Stored items from a collection

● ● ● ● ● ● ●

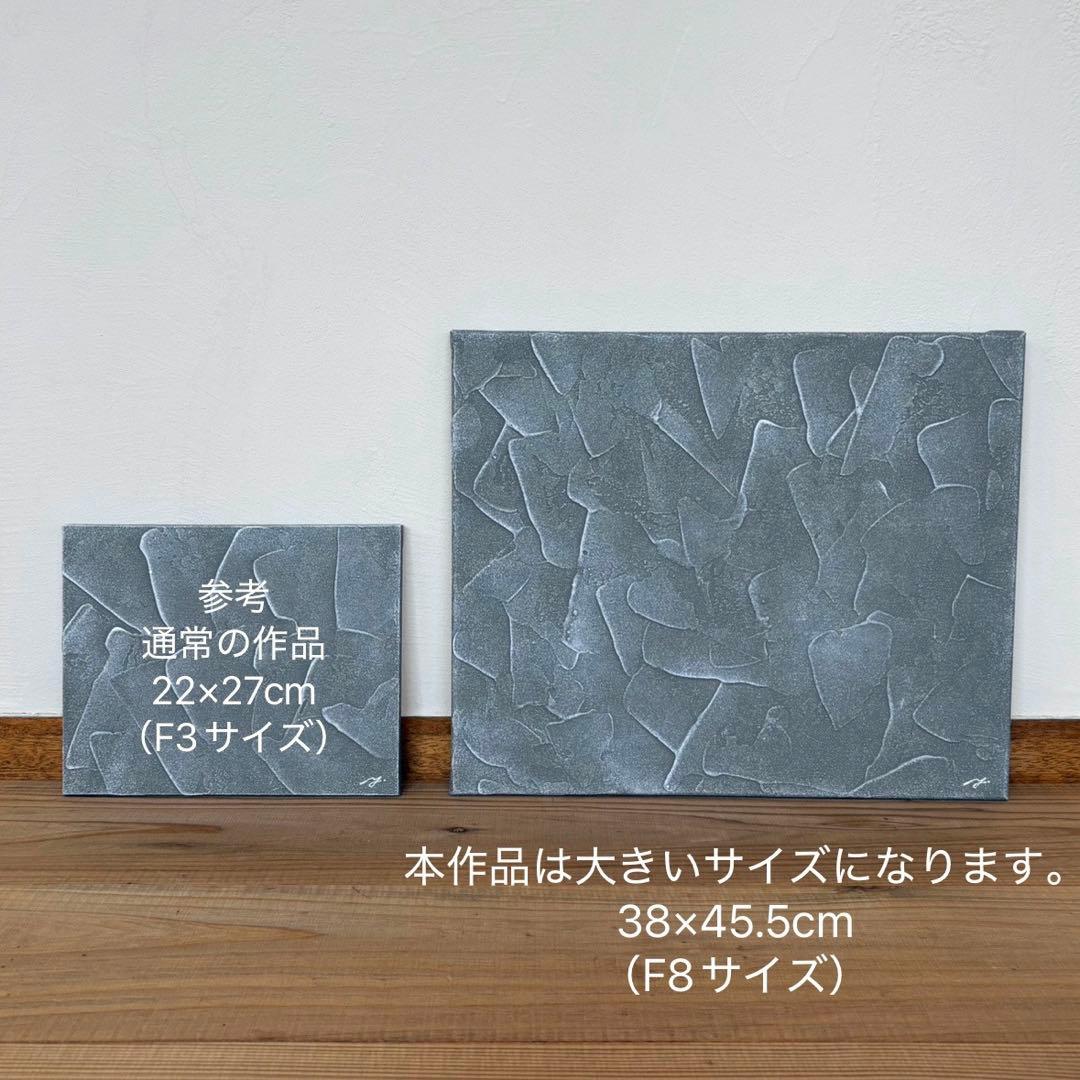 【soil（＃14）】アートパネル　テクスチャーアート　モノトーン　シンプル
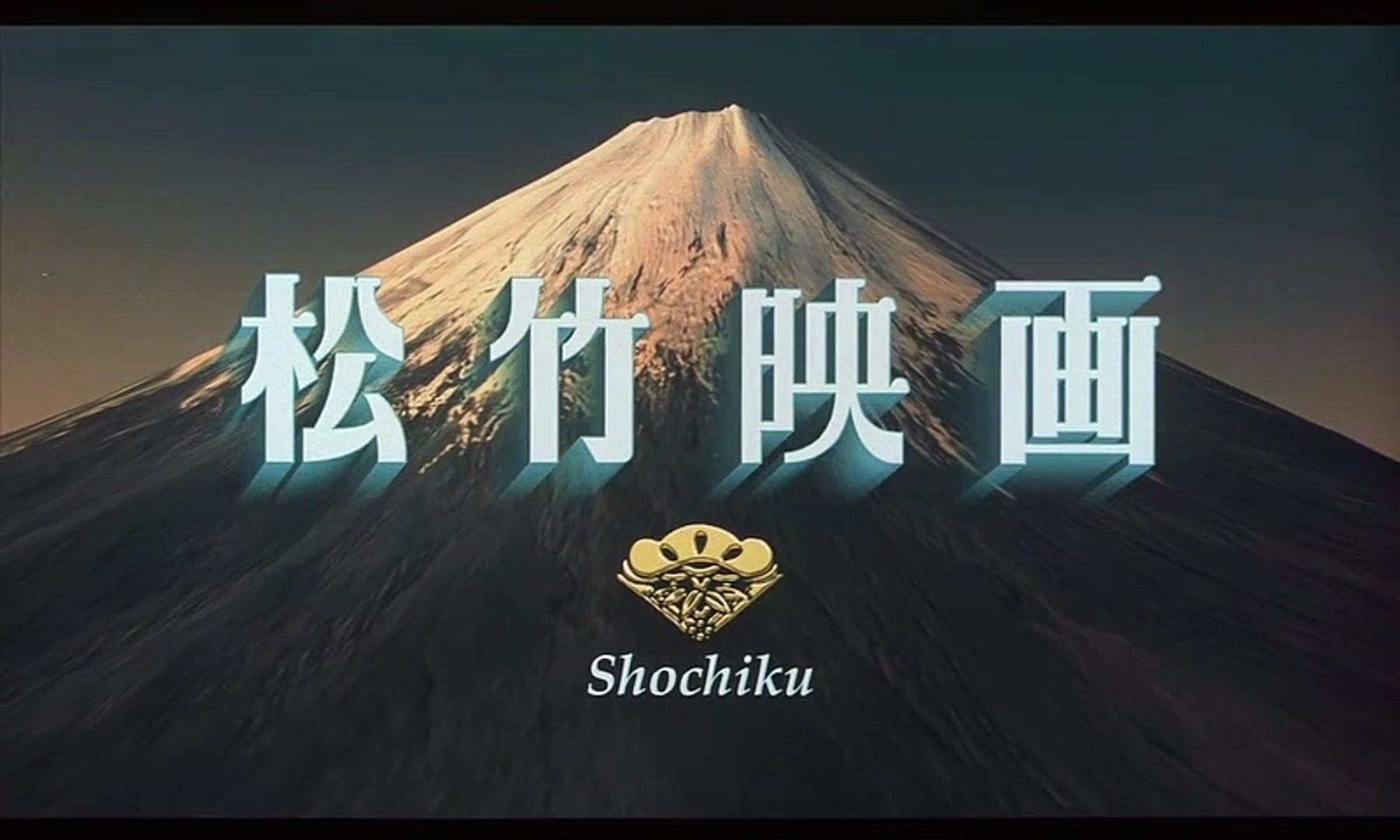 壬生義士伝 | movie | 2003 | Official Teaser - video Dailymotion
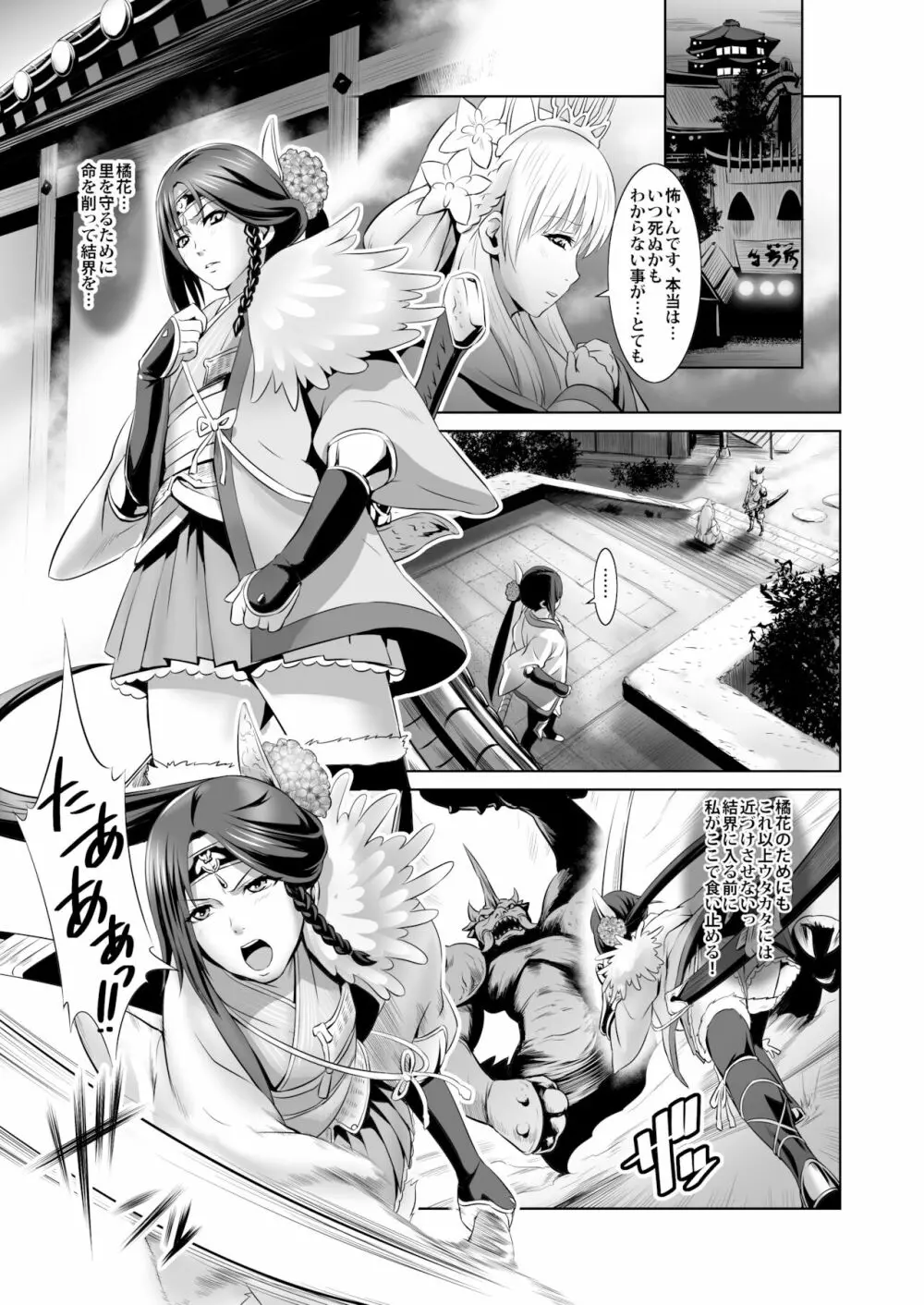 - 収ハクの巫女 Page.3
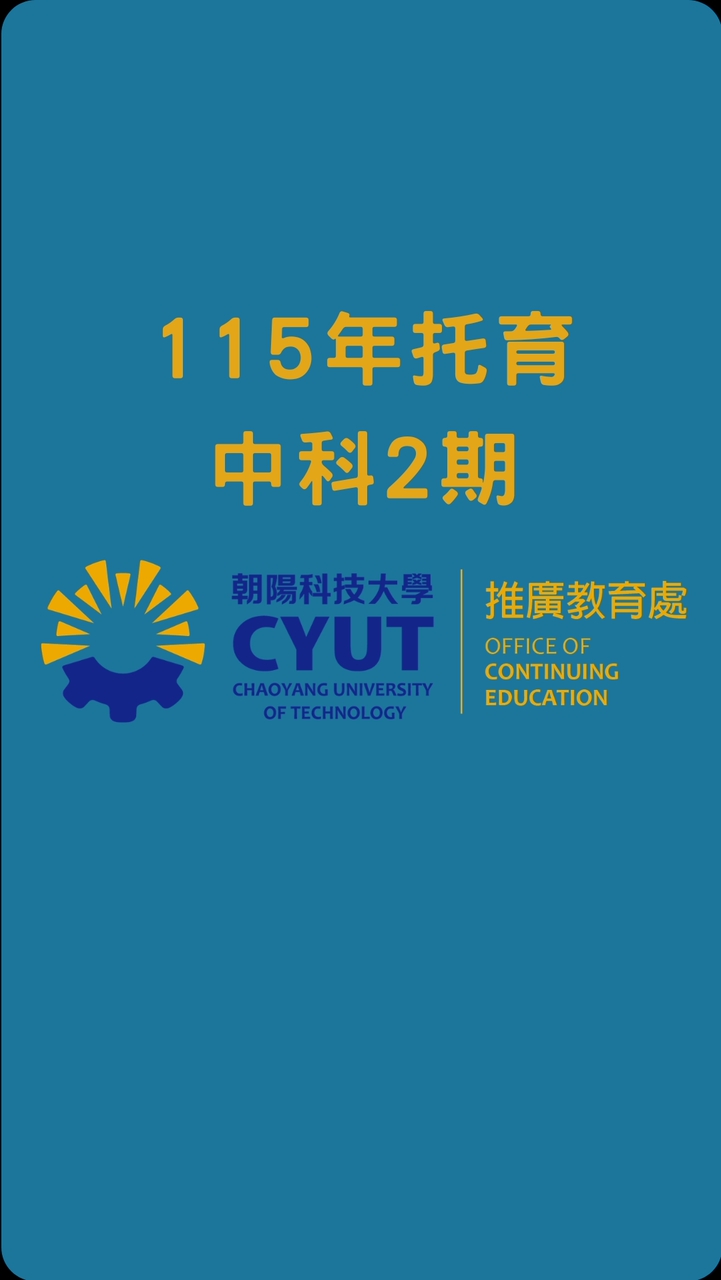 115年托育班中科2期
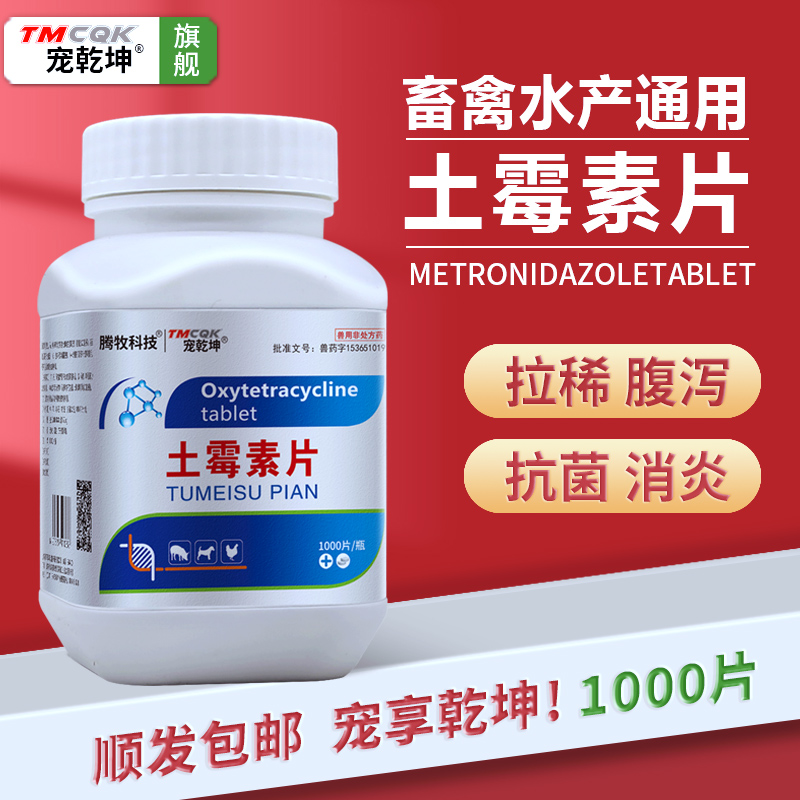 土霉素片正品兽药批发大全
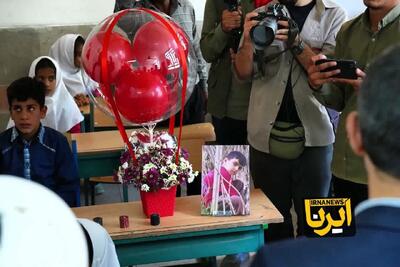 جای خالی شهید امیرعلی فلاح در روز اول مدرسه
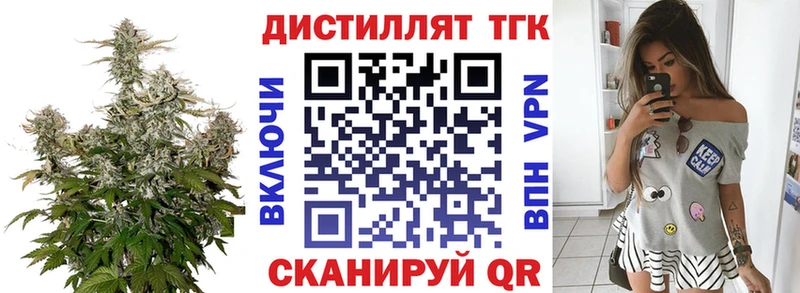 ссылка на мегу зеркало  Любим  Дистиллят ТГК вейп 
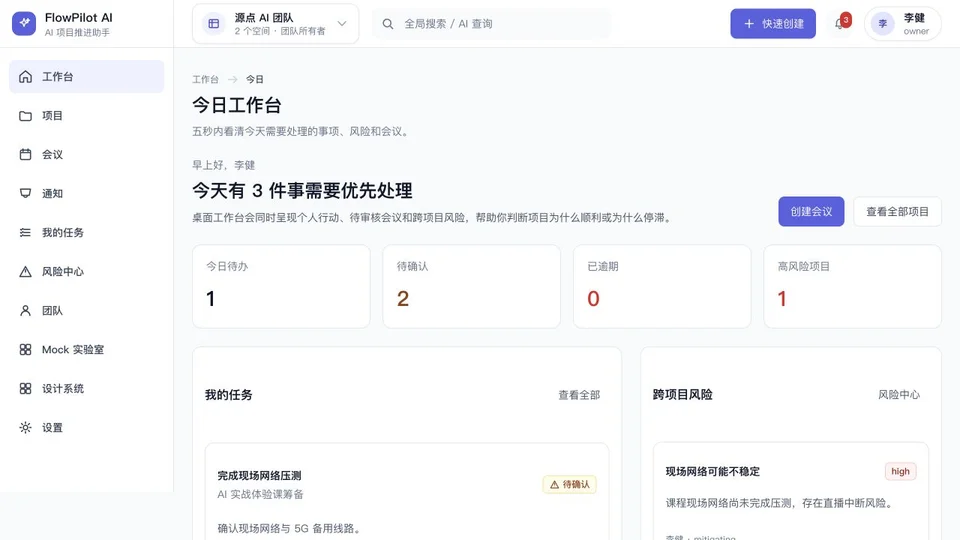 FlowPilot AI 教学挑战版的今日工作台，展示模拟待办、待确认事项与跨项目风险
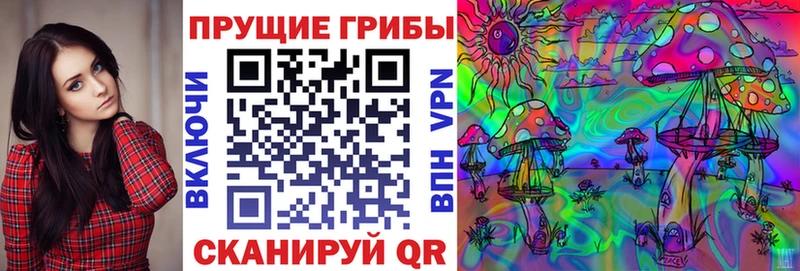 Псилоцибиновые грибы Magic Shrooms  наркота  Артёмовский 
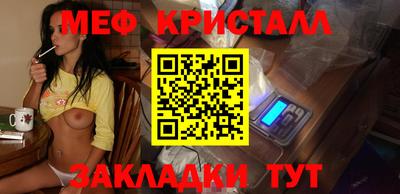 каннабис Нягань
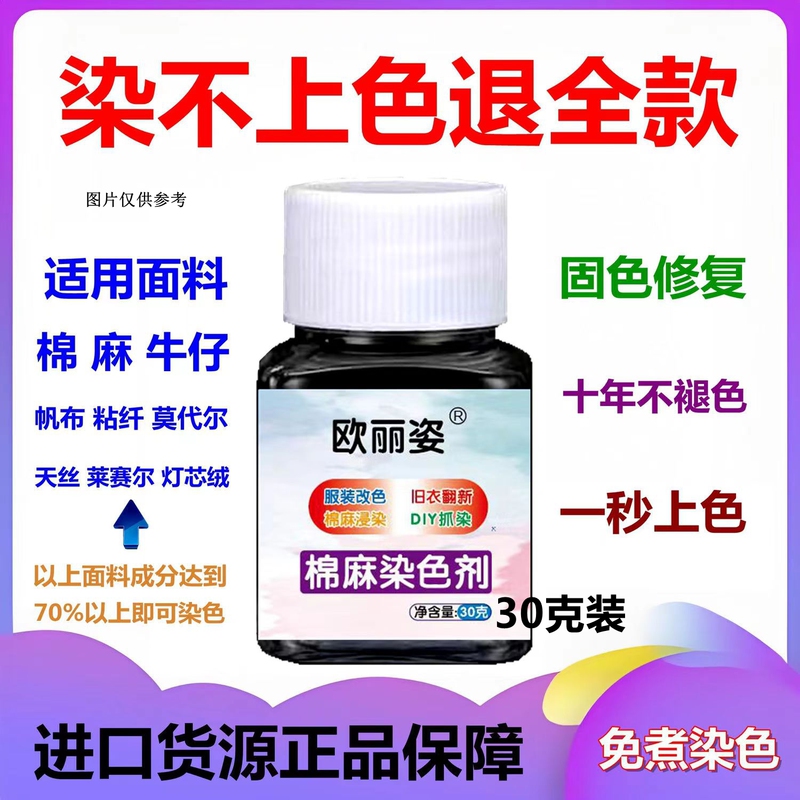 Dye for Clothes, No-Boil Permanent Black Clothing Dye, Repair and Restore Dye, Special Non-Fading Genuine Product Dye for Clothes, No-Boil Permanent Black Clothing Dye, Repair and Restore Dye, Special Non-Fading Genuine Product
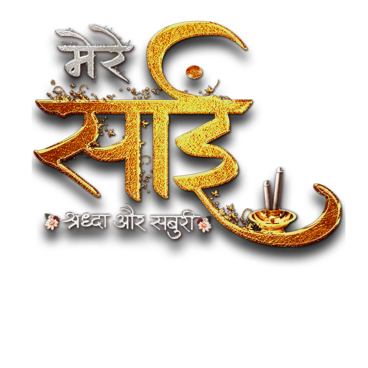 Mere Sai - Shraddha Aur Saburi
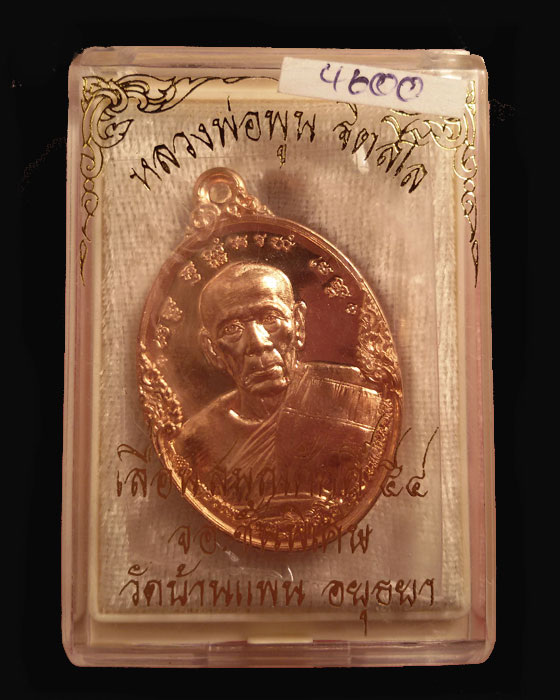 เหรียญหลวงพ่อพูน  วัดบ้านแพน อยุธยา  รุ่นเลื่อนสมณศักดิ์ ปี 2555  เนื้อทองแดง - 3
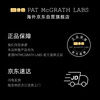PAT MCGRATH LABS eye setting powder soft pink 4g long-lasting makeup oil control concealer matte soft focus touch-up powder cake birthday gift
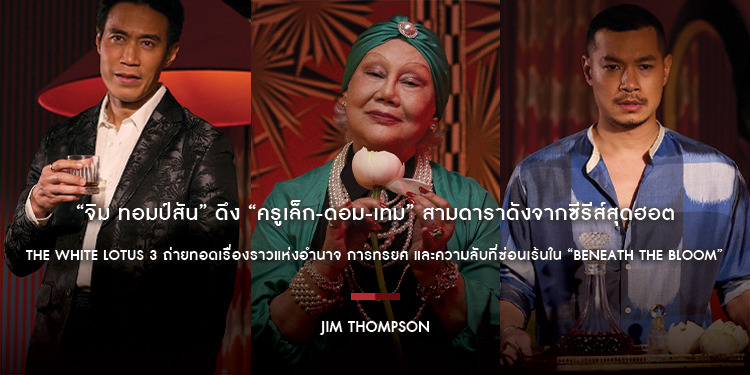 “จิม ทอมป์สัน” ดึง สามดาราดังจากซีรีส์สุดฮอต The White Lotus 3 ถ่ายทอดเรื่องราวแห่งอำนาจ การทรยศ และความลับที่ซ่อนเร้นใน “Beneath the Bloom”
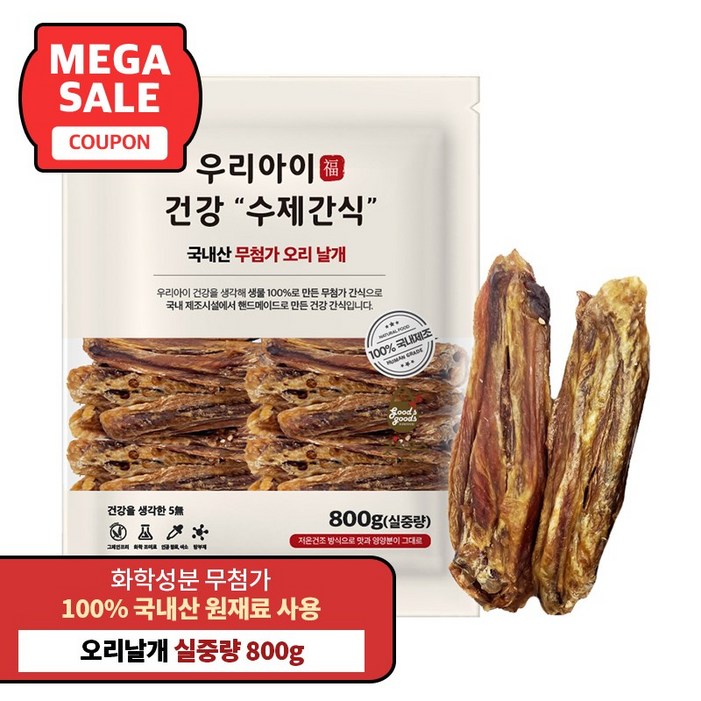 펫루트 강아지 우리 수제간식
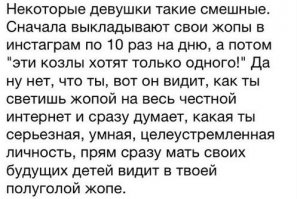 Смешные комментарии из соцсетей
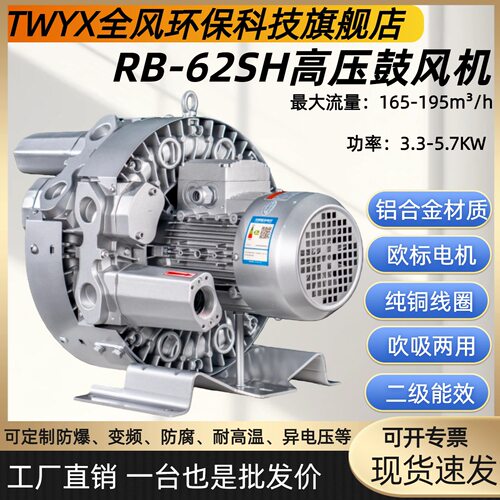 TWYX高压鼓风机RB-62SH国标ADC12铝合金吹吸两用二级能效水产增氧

● ● ● ● ● ● ●

Work item: Repeat the lines above exactly, beginning with the one containing "115年托育班中科2期" and finishing with the one containing "Mere Sai - Shraddha Aur Saburi". No pictures belong in the copy.

Exercise solution:
 115年托育班中科2期
 土霉素片正品兽药批发大全
 جای خالی شهید امیرعلی فلاح در روز اول مدرسه
 ссылка на мегу зеркало  Любим  Дистиллят ТГК вейп 
 FlowPilot AI 教学挑战版的今日工作台，展示模拟待办、待确认事项与跨项目风险
 Псилоцибиновые грибы Magic Shrooms  наркота  Артёмовский 
 каннабис Нягань
 Dye for Clothes, No-Boil Permanent Black Clothing Dye, Repair and Restore Dye, Special Non-Fading Genuine Product Dye for Clothes, No-Boil Permanent Black Clothing Dye, Repair and Restore Dye, Special Non-Fading Genuine Product
 Mere Sai - Shraddha Aur Saburi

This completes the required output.